- PROBLEM TO SOLVE: In the records below, find the line containing "Quality Inn - Grand Forks - Toà nhà" and the line containing "1100 Hewitt Street, Gravenhurst, ON"; please repeat exactly the lines from one to the other, both included, and nothing more.

- DATASET CONTENT:
################
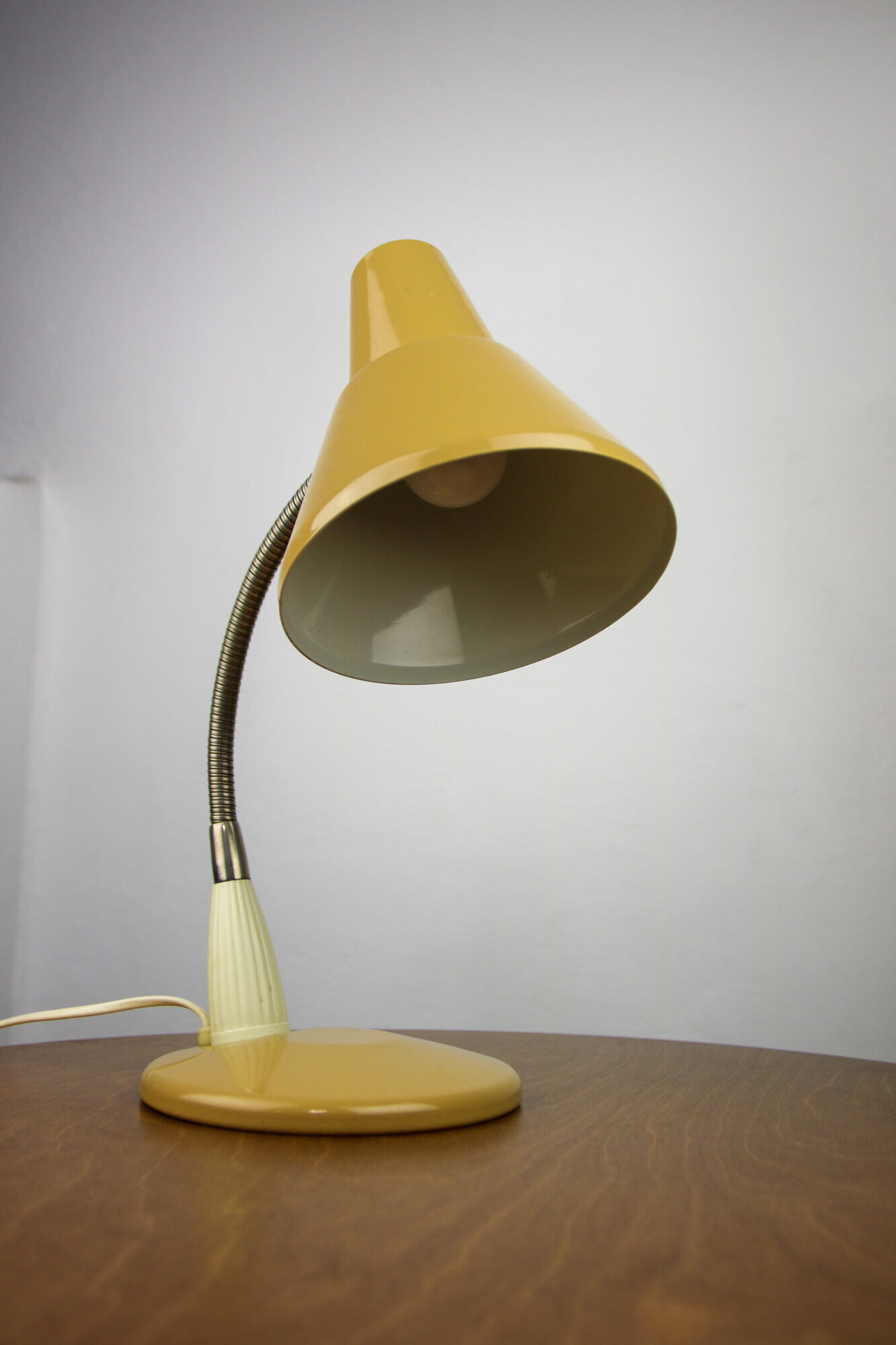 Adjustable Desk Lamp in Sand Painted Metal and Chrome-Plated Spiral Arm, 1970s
################
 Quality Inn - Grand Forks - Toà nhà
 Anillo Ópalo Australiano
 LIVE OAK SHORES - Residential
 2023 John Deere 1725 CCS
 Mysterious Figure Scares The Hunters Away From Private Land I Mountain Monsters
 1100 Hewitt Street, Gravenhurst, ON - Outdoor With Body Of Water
################
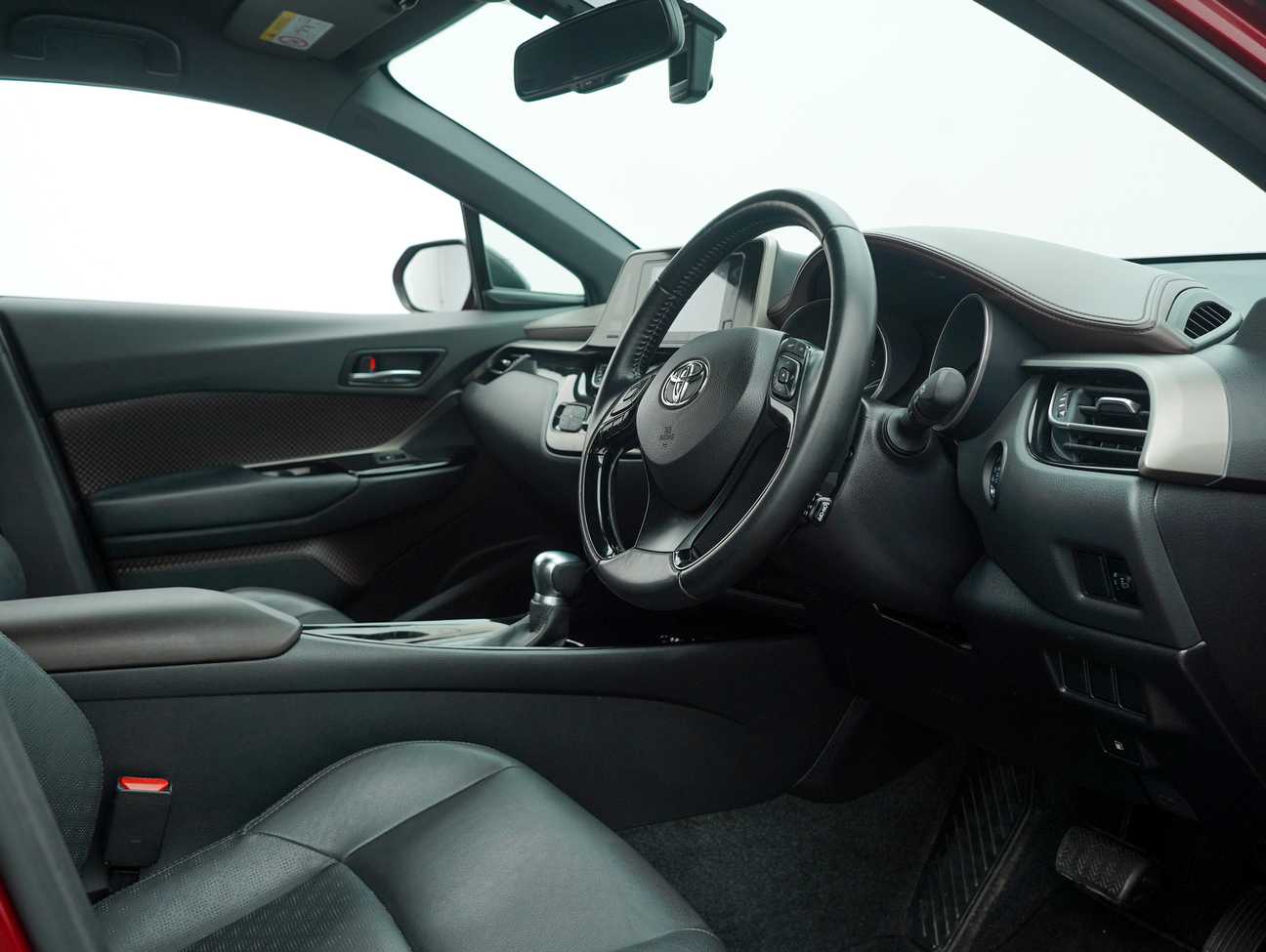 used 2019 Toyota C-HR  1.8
################
- REPLY TO THE TASK:
 Quality Inn - Grand Forks - Toà nhà
 Anillo Ópalo Australiano
 LIVE OAK SHORES - Residential
 2023 John Deere 1725 CCS
 Mysterious Figure Scares The Hunters Away From Private Land I Mountain Monsters
 1100 Hewitt Street, Gravenhurst, ON - Outdoor With Body Of Water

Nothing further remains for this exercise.